Thirty years ago, the Sicilian mafia killed judge Giovanni Falcone with a bomb so powerful it was registered by experts monitoring volcanic tremors from Etna on the other side of the island.

Italy marks 30-year anniversary of anti-mafia judge murder

The explosion, which ripped through a stretch of motorway near Palermo at 5.56 pm on May 23rd 1992, sent shockwaves across Italy, but also signalled the start of the mafia’s decline.

Anti-mafia prosecuting magistrate Falcone, his wife, and three members of his police escort were killed.

The mob used a skateboard to place a 500-kilogram (1,100-pound) charge of TNT and ammonium nitrate in a tunnel under the motorway which linked the airport to the centre of Palermo.

Falcone, driving a white Fiat Croma, was returning from Rome for the weekend.

At a look-out point on the hill above, a mobster nicknamed “The Pig” pressed the remote control button as the judge’s three-car convoy passed.
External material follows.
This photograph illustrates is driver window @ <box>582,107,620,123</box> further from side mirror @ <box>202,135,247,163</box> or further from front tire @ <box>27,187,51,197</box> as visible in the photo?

The blast ripped through the asphalt, shredding bodies and metal, and flinging the lead car several hundred metres.

The three policemen on board were killed instantly.

READ ALSO: Could body found on Italy’s Mount Etna help solve long-standing mafia mystery?

Falcone, whose wife was sitting beside him, had slowed seconds before the explosion and the car slammed into a concrete guard rail.

His chauffeur, who was sitting in the back, survived, as did the three agents in the convoy’s rear.

A “garden of memory” now stands on the site of the attack. Oil from olive trees that grow there is used by Sicilian churches for anointing children during baptisms and confirmations.

‘Mafia massacre’

Falcone posed a real threat to the Cosa Nostra, an organised crime group made famous by “The Godfather” trilogy and which boasted access to the highest levels of Italian power.

It was he who gathered evidence from the first mafia informants for a groundbreaking trial in which hundreds of mobsters were convicted in 1987.

And at the time of the attack, he headed the justice ministry’s criminal affairs department in Rome and was working on a package of anti-mafia laws.

His murder woke the nation up. The Repubblica daily attacked the “mafia massacre” in its headline the next day, with a photo of the famous moustachioed magistrate, while thousands of people in Palermo protested in the streets.

All eyes turned to fellow anti-mafia magistrate Paolo Borsellino, Falcone’s close friend and colleague, who gave an interview at the start of July saying the “extreme danger” he was in would not stop him doing his job.

On July 19th, just 57 days after his friend, Borsellino was also killed in a car bomb attack, along with five members of his escort. Only his driver survived.

Amid national outrage, the state threw everything it had at hunting down Cosa Nostra boss Salvatore (Toto) Riina, who was involved in dozens of murders during a reign of terror lasting over 20 years.

Riina was arrested on January 15th, 1993, in a car in Palermo.

The truth?

The murders of Falcone and Borsellino “in the long term turned out to be a very bad business for Cosa Nostra, whose management team was decapitated by arrests and informants’ confessions”, Vincenzo Ceruso, author of several books on the mafia, told AFP.

Dozens of people have been convicted for their roles in the assassinations.

But Roberto di Bella, now an anti-mafia judge at the Catania juvenile court in Sicily, said that while “the majority of the perpetrators have been tried and convicted”, there remained “a part that is still not clear”.

Survivors insist there are still bits of the puzzle missing and point to Falcone’s belief there could be “possible points of convergence between the leaders of Cosa Nostra and the shadowy centres of power”.

“We still don’t have the truth about who really ordered the murder of Giovanni Falcone, because I don’t believe that ignorant people like Toto Riina could have organised an attack as sophisticated as that in Capaci,” Angelo Corbo, one of the surviving bodyguards, said in a documentary.

He said he was not alone in believing there were “men in suits and ties” among the mobsters.

However, an investigation into possible “hidden orchestrators” of the Capaci attack was thrown out in 2013.

“There is no evidence of the existence of external backers. There is no doubt that these are mafia acts,” author Ceruso said.